_DIRECTIONS:_ Wherever the word "proﬁssionais" appears in the entries, copy the whole line.

_TASK INPUT:_
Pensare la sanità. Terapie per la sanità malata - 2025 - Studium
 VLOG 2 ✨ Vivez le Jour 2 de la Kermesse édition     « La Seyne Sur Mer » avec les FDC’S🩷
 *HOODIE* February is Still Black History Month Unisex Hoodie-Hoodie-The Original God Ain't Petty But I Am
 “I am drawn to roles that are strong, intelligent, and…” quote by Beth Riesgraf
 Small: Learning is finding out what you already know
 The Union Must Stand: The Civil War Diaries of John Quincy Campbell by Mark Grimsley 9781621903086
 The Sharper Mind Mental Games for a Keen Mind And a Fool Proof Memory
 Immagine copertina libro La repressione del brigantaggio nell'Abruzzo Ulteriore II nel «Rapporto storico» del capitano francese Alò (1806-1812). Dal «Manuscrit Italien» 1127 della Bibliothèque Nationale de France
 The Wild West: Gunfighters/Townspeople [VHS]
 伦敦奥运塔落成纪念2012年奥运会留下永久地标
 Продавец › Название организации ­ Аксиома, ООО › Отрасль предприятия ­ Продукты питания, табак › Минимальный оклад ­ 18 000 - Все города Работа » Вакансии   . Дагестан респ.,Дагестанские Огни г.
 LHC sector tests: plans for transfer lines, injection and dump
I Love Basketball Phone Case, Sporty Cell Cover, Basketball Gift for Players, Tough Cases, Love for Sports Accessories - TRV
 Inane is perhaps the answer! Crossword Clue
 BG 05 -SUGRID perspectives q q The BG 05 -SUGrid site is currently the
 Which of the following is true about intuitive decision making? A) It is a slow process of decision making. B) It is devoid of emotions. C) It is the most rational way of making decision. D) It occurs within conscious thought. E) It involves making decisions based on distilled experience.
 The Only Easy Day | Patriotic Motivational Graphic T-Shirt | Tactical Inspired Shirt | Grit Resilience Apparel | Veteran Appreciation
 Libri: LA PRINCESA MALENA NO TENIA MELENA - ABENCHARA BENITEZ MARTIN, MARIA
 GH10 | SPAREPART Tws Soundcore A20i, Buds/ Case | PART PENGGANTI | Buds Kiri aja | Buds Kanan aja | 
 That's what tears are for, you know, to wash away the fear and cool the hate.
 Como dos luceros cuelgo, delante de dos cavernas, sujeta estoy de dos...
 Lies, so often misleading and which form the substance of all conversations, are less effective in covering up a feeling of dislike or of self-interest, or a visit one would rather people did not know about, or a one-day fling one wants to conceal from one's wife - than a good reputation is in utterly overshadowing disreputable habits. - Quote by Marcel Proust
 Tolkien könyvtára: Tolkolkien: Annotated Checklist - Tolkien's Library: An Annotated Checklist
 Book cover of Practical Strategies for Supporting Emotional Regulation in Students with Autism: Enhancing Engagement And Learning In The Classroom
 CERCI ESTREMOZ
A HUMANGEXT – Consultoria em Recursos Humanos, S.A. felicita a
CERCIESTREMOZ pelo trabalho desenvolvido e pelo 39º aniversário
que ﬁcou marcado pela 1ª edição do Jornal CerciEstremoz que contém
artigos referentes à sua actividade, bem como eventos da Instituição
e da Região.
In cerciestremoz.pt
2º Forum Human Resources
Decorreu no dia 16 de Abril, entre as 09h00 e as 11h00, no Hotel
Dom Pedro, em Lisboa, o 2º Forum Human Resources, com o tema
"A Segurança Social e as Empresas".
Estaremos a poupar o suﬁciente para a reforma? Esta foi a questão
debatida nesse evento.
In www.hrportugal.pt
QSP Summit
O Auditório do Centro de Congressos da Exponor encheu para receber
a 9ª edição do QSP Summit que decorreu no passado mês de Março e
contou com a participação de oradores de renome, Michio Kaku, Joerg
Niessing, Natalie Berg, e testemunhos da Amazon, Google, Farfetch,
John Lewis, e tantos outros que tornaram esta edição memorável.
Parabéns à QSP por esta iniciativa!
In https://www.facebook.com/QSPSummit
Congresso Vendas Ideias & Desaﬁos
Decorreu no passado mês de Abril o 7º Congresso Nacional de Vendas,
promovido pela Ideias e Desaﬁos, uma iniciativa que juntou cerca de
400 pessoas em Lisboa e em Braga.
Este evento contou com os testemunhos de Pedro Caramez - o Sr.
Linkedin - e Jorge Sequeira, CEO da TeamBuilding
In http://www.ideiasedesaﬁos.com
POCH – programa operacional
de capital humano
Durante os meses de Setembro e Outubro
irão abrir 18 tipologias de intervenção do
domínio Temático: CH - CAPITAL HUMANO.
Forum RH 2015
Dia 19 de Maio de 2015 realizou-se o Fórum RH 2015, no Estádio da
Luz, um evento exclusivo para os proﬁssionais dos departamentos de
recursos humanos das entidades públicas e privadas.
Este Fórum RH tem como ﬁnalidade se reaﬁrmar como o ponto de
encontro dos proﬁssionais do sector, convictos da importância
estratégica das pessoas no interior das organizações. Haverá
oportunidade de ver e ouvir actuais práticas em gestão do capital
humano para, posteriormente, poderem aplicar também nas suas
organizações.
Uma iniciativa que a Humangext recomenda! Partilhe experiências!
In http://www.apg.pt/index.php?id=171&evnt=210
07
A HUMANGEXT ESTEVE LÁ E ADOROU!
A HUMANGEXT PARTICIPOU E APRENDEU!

_ANSWER TO THE PROBLEM:_
Luz, um evento exclusivo para os proﬁssionais dos departamentos de
encontro dos proﬁssionais do sector, convictos da importância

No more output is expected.